Understanding I-T Department's Intimations on Property Deals, Foreign Assets, and AIS Mismatches
On December 18, 2025, at 5:58 PM, the Income Tax Department (ITD) announced that they have received references regarding recent communications sent to taxpayers about their transactions. These communications are part of an automated system designed to inform taxpayers about discrepancies in their financial records.
The ITD is referring to the automated intimations via email being sent to many taxpayers about AIS mismatch, property transactions, foreign income, foreign assets, car purchases, and other significant financial activities. The department stated: “Taxpayers may please note that such communication is to facilitate the taxpayers and make them aware of the information available with the ITD regarding the transactions reported by the Reporting Entities during the year.”
The tax department further explained that these communications are purely advisory and are sent only in cases where there is a noticeable gap between the disclosures in the Income Tax Return (ITR) and the information received from Reporting Entities. The primary objective of these communications is to provide an opportunity for taxpayers to voluntarily correct any discrepancies by reviewing their AIS and, if necessary, revising their returns already filed or filing belated returns if they haven't done so yet.
The last date for revising or filing a belated return for Assessment Year 2025-26 is December 31, 2025. Taxpayers are encouraged to respond promptly via the Compliance Portal if discrepancies exist or to ignore the communication if their filings are correct.
For instance, if an ITR is filed on September 16, 2025, which falls within the extended due date for non-audit taxpayers for Financial Year 2024-25, the Centralised Processing Centre (CPC) is statutorily required to process the return and issue an intimation under Section 143(1) of the Income-tax Act, 1961, within 9 months from the end of the financial year in which the return is filed. Chartered Accountant Suresh Surana explained to ET Wealth Online that the statutory time limit for processing the return would expire on December 31, 2026.
Surana clarified that the fact that the ITR was filed on September 16, 2025, within the extended due date, does not affect the statutory processing timeline. The 9-month period commences from March 31, 2026, the end of the financial year in which the return was filed, and not from the actual date of filing. Consequently, irrespective of whether the return was filed on July 31, 2025, September 16, 2025, or even by the belated return deadline of December 31, 2025, the CPC has until December 31, 2026, to process the return and issue the intimation under Section 143(1).
If any ITR is not processed on or before December 31, 2025, and any error or omission is found in the ITR, the taxpayer has limited options. For Assessment Year 2025-26, the statutory time limit for filing a revised return under Section 139(5) expires on December 31, 2025. Once this date has passed, a taxpayer can no longer revise the return to correct errors or omissions, even if the return has not yet been processed by the CPC.
However, if the income tax return (ITR) is subsequently processed under Section 143(1) and the taxpayer receives an intimation pointing out an apparent mistake, the law provides an alternative remedy.
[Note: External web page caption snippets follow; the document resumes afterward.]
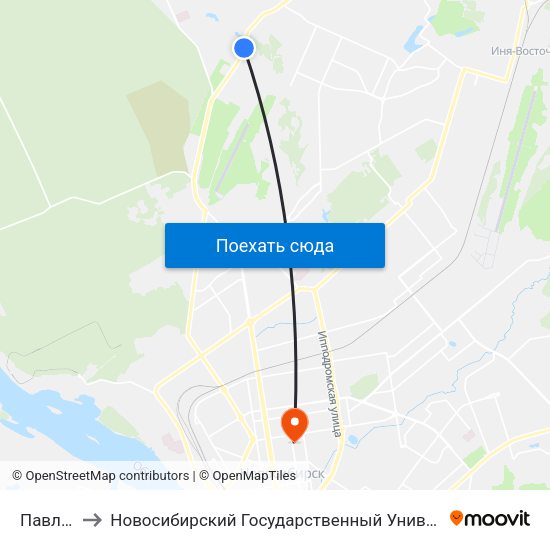 Павлова Ул. to Новосибирский Государственный Университет Экономики И Управления map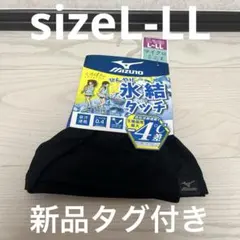 ◎ミズノ　くろぱん　ひんやり氷結タッチ　マイクロミニ丈　下着　レディース　パンツ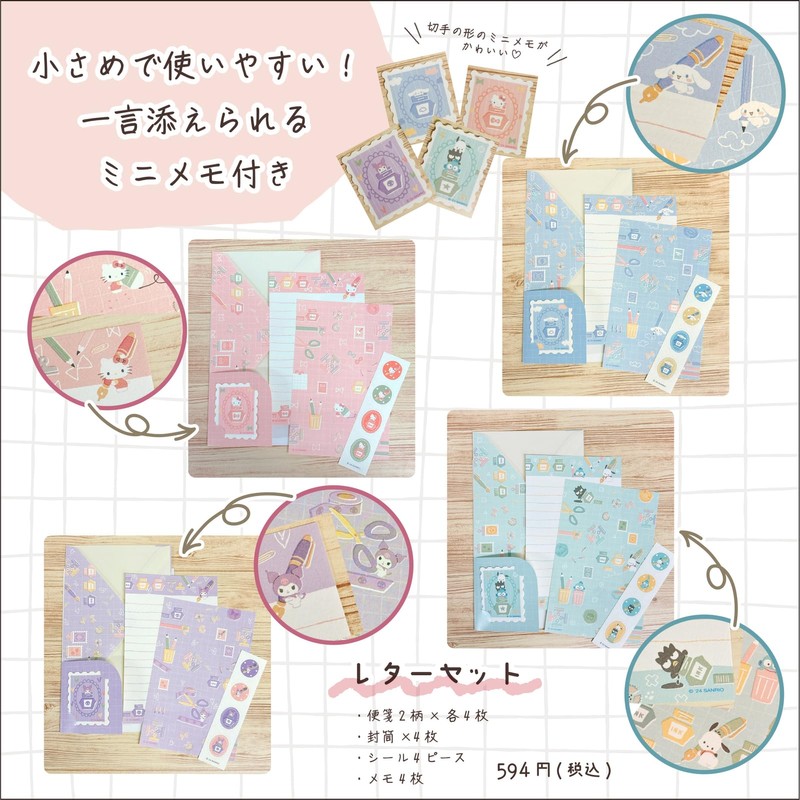 Sanrio 341070 Cinnamoroll Cinnamoroll Letter Set, 8 Piece Toilet Pin,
In such cases, the taxpayer may file an application for rectification under Section 154. Rectification is permitted for mistakes apparent from the record, such as arithmetical errors, incorrect carry-forward of losses, wrong tax or interest computation, mismatch of TDS credits, or other clerical inaccuracies reflected in the CPC intimation.
A rectification request under Section 154 can be filed electronically through the Income-tax e-Filing Portal and must generally be made within 4 years from the end of the financial year in which the intimation under Section 143(1) is passed. Importantly, rectification proceedings are limited in scope and cannot be used to make fresh claims, introduce new income or deductions, or address debatable issues of law that were not part of the original return.
Accordingly, where the time limit for filing a revised return has expired, taxpayers should carefully review the intimation issued by the CPC and, where the error qualifies as a mistake apparent on record, seek correction through Section 154 rectification. Issues beyond the scope of rectification would need to be pursued through appropriate appellate remedies under the IT Act, subject to applicable timelines.
In summary, the ITD's recent intimations aim to help taxpayers identify and correct discrepancies in their financial records. Taxpayers should review these communications carefully and take appropriate action within the specified timelines to avoid any legal complications.